Os auditores listam operações "estranhas" e coincidências como a de uma funcionária do partido que montou uma empresa de transporte e em seguida assinou contrato com uma prefeitura do interior de São Paulo na base da presidente da sigla, Renata Abreu. O partido rebateu: "Inicialmente é necessário informar, corretamente, que a conclusão da auditoria interna foi de que não há qualquer irregularidade no Podemos, sendo que o resultado foi apenas consolidado pela empresa em 21 de julho, muito tempo após a saída de Sérgio Moro do partido que ocorreu em março".
Calote
O suplente de Moro no Paraná foi decisivo na contratação da agência que atendeu o Podemos na pré-campanha, na qual trabalhava o marqueteiro Pablo Nobel. Ele assumiu a pré-campanha do ex-juiz, mas ficou sem receber após a ida dele para o União Brasil e por isso recorreu à Justiça. Hoje, Nobel atua na campanha de Tarcísio de Freitas (Republicanos), em São Paulo.

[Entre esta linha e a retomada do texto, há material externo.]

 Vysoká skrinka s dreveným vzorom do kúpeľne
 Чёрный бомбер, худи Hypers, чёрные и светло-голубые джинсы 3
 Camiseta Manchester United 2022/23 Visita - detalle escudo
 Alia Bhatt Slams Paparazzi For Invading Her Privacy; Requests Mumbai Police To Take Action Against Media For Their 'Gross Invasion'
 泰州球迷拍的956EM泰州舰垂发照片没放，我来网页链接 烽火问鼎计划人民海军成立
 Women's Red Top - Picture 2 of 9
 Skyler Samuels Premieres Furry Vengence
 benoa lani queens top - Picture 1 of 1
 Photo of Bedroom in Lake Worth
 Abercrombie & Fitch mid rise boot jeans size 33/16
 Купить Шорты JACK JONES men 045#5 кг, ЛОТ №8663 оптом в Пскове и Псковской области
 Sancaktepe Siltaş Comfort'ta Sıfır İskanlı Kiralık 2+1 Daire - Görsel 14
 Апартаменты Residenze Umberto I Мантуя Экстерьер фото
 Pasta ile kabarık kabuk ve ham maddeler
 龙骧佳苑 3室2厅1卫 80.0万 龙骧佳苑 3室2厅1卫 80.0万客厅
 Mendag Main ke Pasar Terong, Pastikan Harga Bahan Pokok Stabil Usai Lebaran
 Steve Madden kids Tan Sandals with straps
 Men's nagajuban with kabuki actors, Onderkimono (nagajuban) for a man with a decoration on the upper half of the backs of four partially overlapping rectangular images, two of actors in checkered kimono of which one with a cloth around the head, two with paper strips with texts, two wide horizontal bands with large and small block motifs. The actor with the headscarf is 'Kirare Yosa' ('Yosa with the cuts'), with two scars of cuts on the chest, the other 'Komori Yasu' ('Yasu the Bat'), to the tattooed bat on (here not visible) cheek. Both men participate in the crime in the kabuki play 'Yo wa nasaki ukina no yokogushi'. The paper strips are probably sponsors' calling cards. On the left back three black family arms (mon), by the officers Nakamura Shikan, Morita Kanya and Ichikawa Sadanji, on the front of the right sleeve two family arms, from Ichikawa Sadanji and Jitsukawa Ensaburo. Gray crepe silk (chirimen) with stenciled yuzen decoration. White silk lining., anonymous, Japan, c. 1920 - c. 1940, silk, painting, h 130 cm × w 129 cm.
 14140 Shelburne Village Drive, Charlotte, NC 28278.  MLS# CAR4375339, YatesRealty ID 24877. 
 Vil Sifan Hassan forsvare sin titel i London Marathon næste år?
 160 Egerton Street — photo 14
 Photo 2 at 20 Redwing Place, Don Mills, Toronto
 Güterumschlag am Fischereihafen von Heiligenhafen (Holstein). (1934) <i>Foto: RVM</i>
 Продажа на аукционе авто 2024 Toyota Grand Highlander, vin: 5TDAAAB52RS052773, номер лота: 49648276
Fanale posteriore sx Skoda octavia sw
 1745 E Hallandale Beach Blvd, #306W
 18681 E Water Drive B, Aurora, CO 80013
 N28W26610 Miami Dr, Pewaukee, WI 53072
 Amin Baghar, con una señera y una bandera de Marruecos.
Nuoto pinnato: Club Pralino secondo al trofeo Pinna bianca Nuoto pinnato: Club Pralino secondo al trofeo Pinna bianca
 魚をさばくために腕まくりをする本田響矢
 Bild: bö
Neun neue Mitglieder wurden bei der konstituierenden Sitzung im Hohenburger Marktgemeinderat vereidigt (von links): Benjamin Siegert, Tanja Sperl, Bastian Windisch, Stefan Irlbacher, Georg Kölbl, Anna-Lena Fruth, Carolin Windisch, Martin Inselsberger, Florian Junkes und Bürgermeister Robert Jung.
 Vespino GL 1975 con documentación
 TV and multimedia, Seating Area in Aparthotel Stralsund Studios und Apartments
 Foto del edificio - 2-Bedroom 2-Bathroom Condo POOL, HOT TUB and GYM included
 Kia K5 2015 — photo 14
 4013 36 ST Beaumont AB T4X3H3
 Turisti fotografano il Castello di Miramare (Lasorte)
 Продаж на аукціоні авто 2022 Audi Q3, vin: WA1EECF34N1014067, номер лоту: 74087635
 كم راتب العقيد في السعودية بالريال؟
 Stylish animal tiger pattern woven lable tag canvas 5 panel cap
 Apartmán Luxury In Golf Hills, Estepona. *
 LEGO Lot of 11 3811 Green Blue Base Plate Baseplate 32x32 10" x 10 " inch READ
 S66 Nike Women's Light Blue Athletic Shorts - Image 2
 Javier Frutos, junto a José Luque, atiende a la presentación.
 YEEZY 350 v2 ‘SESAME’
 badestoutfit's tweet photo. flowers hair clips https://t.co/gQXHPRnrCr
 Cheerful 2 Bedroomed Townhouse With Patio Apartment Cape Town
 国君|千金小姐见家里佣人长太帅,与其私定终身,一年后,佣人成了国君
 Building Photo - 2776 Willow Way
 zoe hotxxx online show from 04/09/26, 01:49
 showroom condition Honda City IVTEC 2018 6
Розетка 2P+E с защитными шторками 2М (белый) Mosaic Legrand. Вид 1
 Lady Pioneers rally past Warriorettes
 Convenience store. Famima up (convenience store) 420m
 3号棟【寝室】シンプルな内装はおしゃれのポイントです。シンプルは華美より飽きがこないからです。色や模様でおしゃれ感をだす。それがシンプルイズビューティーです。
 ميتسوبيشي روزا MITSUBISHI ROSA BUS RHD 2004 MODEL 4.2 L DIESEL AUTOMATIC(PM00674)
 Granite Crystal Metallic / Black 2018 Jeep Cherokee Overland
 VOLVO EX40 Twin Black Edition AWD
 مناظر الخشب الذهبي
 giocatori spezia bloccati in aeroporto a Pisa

Cunha era figura presente em reuniões estratégicas de pré-campanha no Hotel Intercontinental, em São Paulo. Custeado pelo partido para hospedar Moro, o estabelecimento também foi palco da reunião que selou a ida do ex-juiz para o União Brasil.
Ao Estadão, o advogado disse que sua empresa foi contratada pela Fundação Podemos para "elaborar um projeto de melhorias para o País, visando subsidiar uma possível candidatura presidencial", mas que o partido ainda está devendo pelos serviços prestados. "O trabalho vinha sendo desenvolvido regularmente com a previsão de pagamentos mensais. Entretanto, somente as duas primeiras parcelas referentes à prestação do serviço foram efetivamente quitadas", disse.
Cunha afirmou, ainda, que a "situação de inadimplência" teria afetado outros prestadores de serviços contratados pelo Podemos no período. Segundo o advogado, a equipe de marketing contratada não foi remunerada pelo trabalho referente a propagandas partidárias veiculadas.